Tandis que cette énergie et cette substance originelle a fait naître
d'elle toutes les forces et toutes les substances, elle continue de vivre
d'un autre côté dans tout ce qui est, en descendant jusqu'au
plan physique, où elle se concentre dans les atomes isolés.
Le plan physique est tout aussi imprégné par toutes les forces
supérieures, que l'énergie originelle renferme en elle toutes
les forces inférieures. La force originelle, qui enveloppe tout, a
structuré à partir d'elle-même toutes les autres forces
par condensation de particules isolées, amoindrissement de la tension
et diminution de la continuité, jusqu'à atteindre finalement
le point où la tension eut presque disparu, où les particules
isolées, qui étaient les plus grossières, furent au
plus éloignées possible les unes des autres, où elles
eurent le minimum d'énergie propre. C'est précisément
pour cette raison que le plan physique est celui sur lequel toutes les forces,
jusqu'à y compris l'énergie originelle, peuvent parvenir à
une expression de formes objectives. Moins une substance possède d'énergie
propre, plus elle est dépendante des autres énergies et plus
d'autres énergies peuvent facilement opérer en son sein. Le
plan physique, et en particulier le règne minéral, fut celui
où les forces les plus hautes purent parvenir à agir et s'exprimer
le plus facilement, parce qu'elles y rencontrèrent le moins d'énergie
propre, le moins de résistance. Les substances les plus solides du
plan physique ne possèdent que très peu de forces d'élasticité
(tonicité ou tension interne, ndt). Mais une plus forte tension interne
se manifeste aussi dans le physique dans le magnétisme, dans l'électricité
et dans la radioactivité. La radioactivité est une force de
tension interne plus importante qui fait éclater les atomes physiques,
les sépare, les affine en leur conférant même de ce fait
une plus grande tension interne, et donc la tendance à remplir leur
environnement, et c'est pourquoi le rayonnement continue a lieu sous la forme
de particules si petites qu'une diminution du volume du corps radioactif
est à peine perceptible. Le corps radioactif est transposé
dans une tension qui va au-delà de la tension du liquide ou du gazeux.

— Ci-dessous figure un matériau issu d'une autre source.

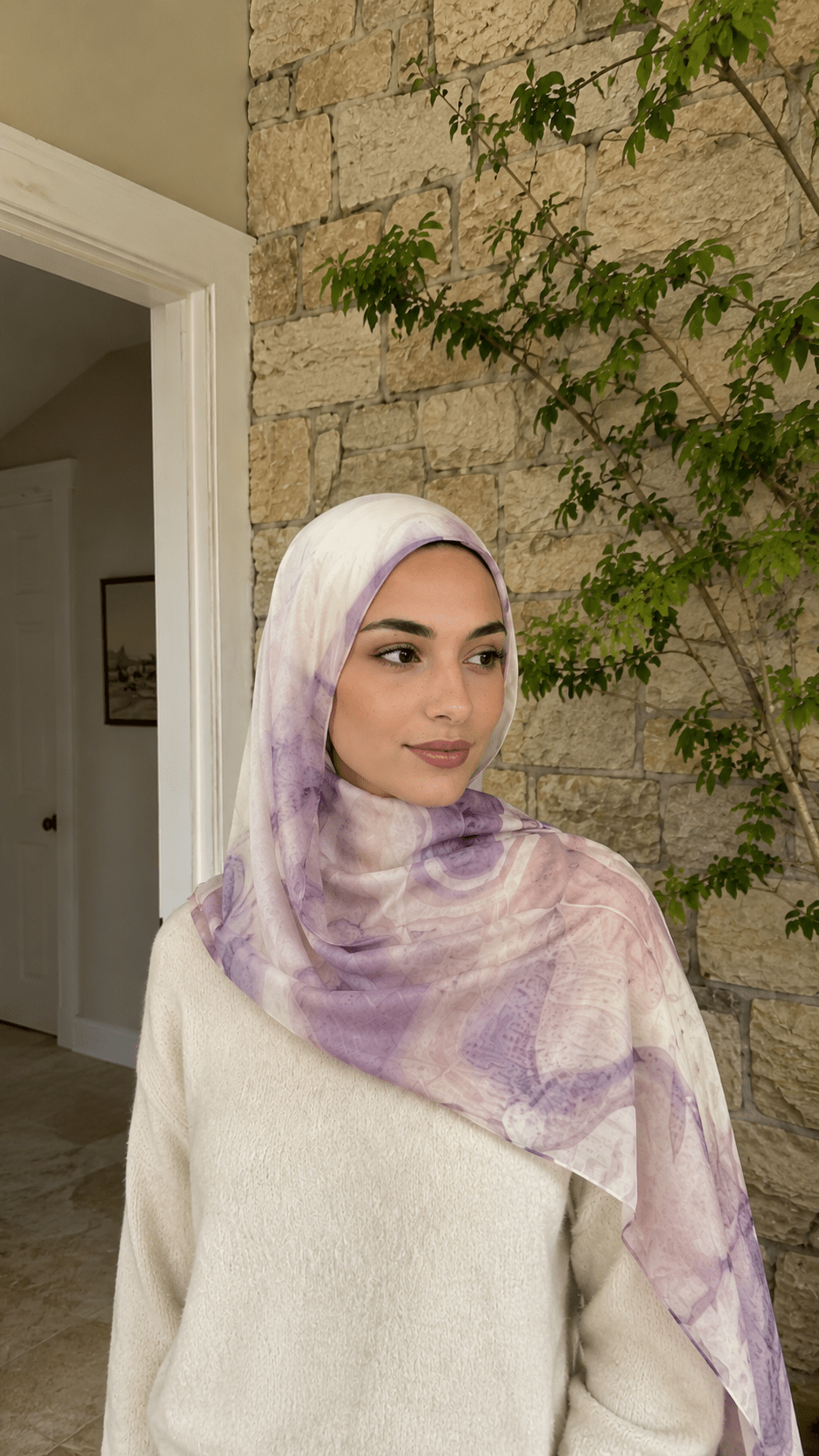 RY42 Lilac Watercolor Floral Hijab Shawl – Soft Purple Bloom Women's Head Scarf (80×180cm) - Raya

Il est donc nécessaire que de très subtiles courants éthériques
provoquent cette tension.
Avec le magnétisme, nous observons aussi un accroissement de la tension
interne d'une manière telle que des particules solides de fer etc.,
qui se trouvent dans l'aimant naturel, sont attirées. Par la force
de tension d'un aimant, la force de tension est stimulée en substances
apparentées et de ce fait la gravité surmontée. La pesanteur
est un manque de force de tension propre. L'air est moins lourd que l'eau
et le solide, parce qu'il possède lui-même une plus grande force
de tension. Que surgisse dans le solide une force de tension plus grande,
alors la pesanteur est surmontée, comme lors de l'attraction du fer,
sinon une substance lourde, par l'aimant.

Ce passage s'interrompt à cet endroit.